How are Strongholds Built or Demolished?
What are Some Strategies for Tearing Down and Building?


1.  What is a Stronghold?
2 Corinthians 10:3-5   Spiritual Boarding House

Strongholds Can Be Holy or Wicked
Holy: Psalm 18:2; 27:1; 43:2; 2 Samuel 22:3; Joel 3:16.  Wicked:  Micah 5:10-15

 Not a demon or group of demons
 Not sin or iniquity
 Explains how Christians can be demonized

TEMPLE - FORTRESSES
 In 2 Corinthians 10:4:  µ (ochurma) “fortified place” “It is possible that Paul is referring to the Tower of Babel.”  —  Gerhard Kittel TDNT, V, 591
 
“Often a temple within a city was the city’s highest point and its stronghold”   —  Dictionary of Biblical Imagery, 822

 cf. Judges 9:46: “the citizens . . . went into the stronghold of the temple”
 cf. Psalm 27: 2, 4-5: David calls God “the stronghold of my life” and pictures the stronghold as “the house of the LORD, . . . the shelter of his tabernacle . . . high upon a rock.” In Psalm 43:2-3: “your holy mountain . . . where you dwell.”
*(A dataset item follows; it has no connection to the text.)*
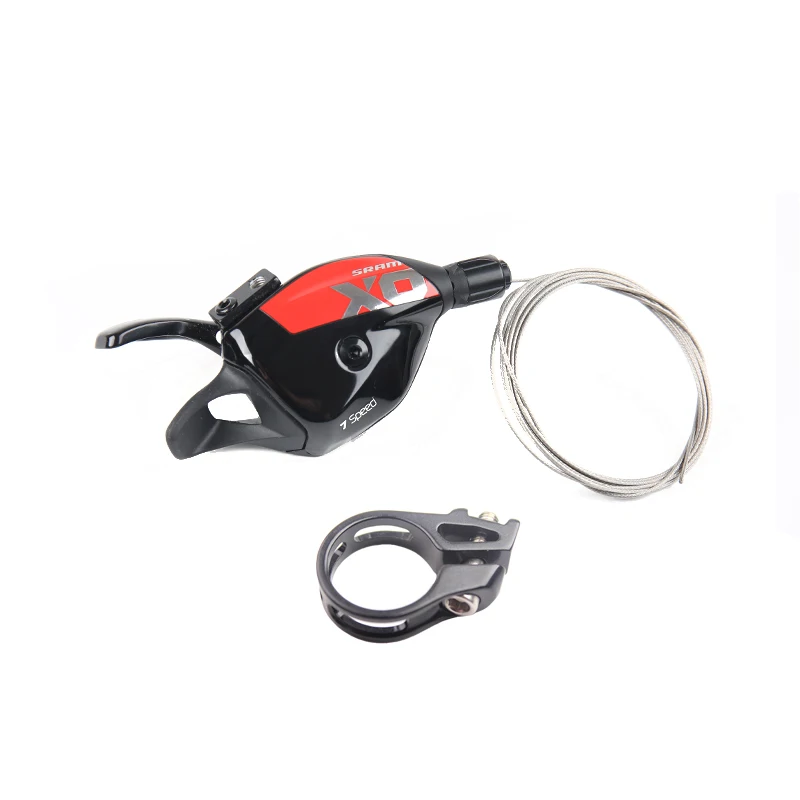 2019 Новый SRAM X01 DH 7 1x7 11 25T Скорость MTB набор групп комплект триггерный переключатель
“It is obvious from the context of 1 Corinthians 10:4 that these strongholds are not demons or geographical locations* but psychic habitats.  It is from these “head nests” that Satan and his cohorts endeavor to manipulate our inner world.  The word arguments, often translated imaginations, is an interesting one.  Taken from the Greek word logismos, it is defined more precisely as ‘calculative reasonings over time’ (as opposed to random occasional thoughts).  This definition makes these arguments or imaginations look more like what they almost certainly are -- religious or philosophical systems.”     —  George Otis, Jr. Twilight Labyrinth, p. 281
 (*Footnote: “Places can be viewed as strongholds . . . where spiritual and cultural realities converge.”)


 “And even if our gospel is veiled, it is veiled to the perishing.  The god of this age has blinded the mind of unbelievers, so that they cannot see the light of the gospel of the glory of Christ, who is the image of God.”   —  2 Corinthians 4:3-4

Definition of a Stronghold
Strongholds are habitations in the spirit realm built in the mind and can be described as mindsets, attitudes, thinking patterns, and some elements of worldview formed through consistent willful sin, iniquity, or alternately, acts of obedience to God.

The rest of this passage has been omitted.